Qualora iniziasse una eventuale trattativa per la cessione della Salernitana in altrui mani, la circostanza potrebbe benissimo indurre Iervolino a vivacchiare in attesa del suo possibile perfezionamento, non pianificando investimenti e non compiendo una vera e propria riorganizzazione con programmazione di medio lungo termine.La serie B, si sa, può trasformarsi in un bagno di sangue dal punto di vista degli esborsi economici e in un reale cimitero di club blasonati che rischierebbero, non riuscendo a risalire subito nell'olimpo del calcio italiano, di impantanarsi a lungo in un torneo ostico e quanto mai poco prevedibile nei suoi decorsi ed esiti. L'auspicio è la costruzione di una rosa importante ed altamente competitiva per riportare il cavalluccio marino laddove l'attuale proprietario l'aveva rilevata, ovvero in massima serie.

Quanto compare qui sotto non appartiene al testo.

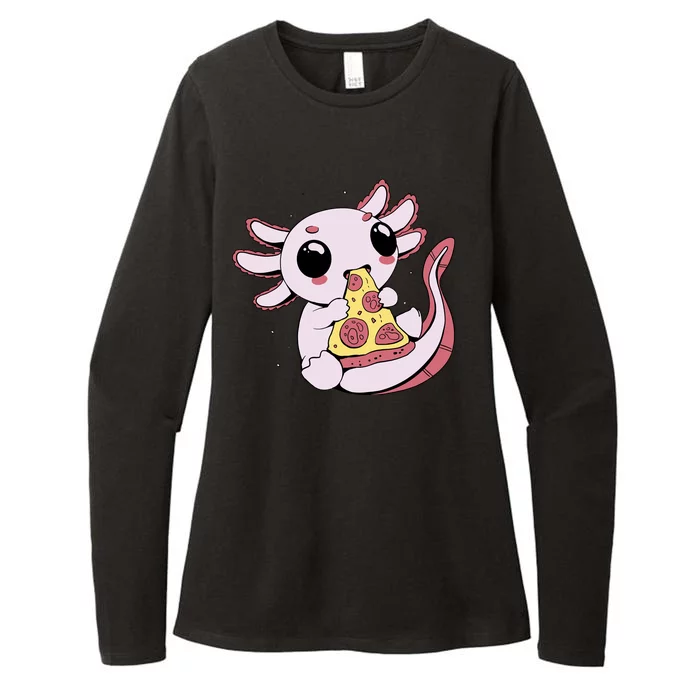 Cute Axolotl Pizza Lover Womens CVC Long Sleeve Shirt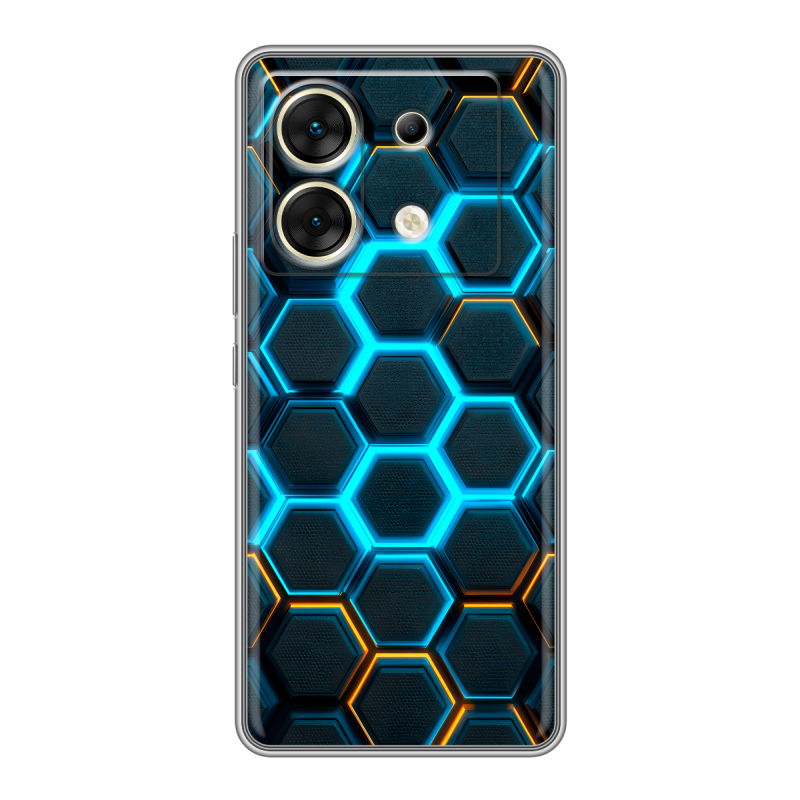 Силиконовый чехол на Infinix Zero 30 5G с принтом Неоновые соты Силиконовый чехол на Infinix Zero 30 5G с принтом Неоновые соты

Difficile pensare, tuttavia, alle mezze misure e la storia della B insegna che molte realtà, in prevalenza del Sud Italia ma non solo, hanno dovuto provare la grande amarezza del doppio salto all'indietro retrocedendo dalla Serie A alla serie C, ora Lega Pro, in due anni consecutivi. La doppia retrocessione ha interessato realtà insospettabili, ai nastri di partenza, come il Lecce, tra il 1993 ed il 1995, il Como tra il 2002 ed il 2004, il Catania di Pulvirenti tra il 2013 ed il 2015 ed il Crotone dei fratelli Vrenna tra il 2020 ed il 2022. Il ripasso storico serva a raddrizzare le antenne e a tenere la guardia molto alta, perché la serie B che verrà dovrebbe avere un buon livello qualitativo medio e soprattutto non è storicamente torneo da mezze misure, gradendo esso più che mai gli eccessi, nel bene come nel male.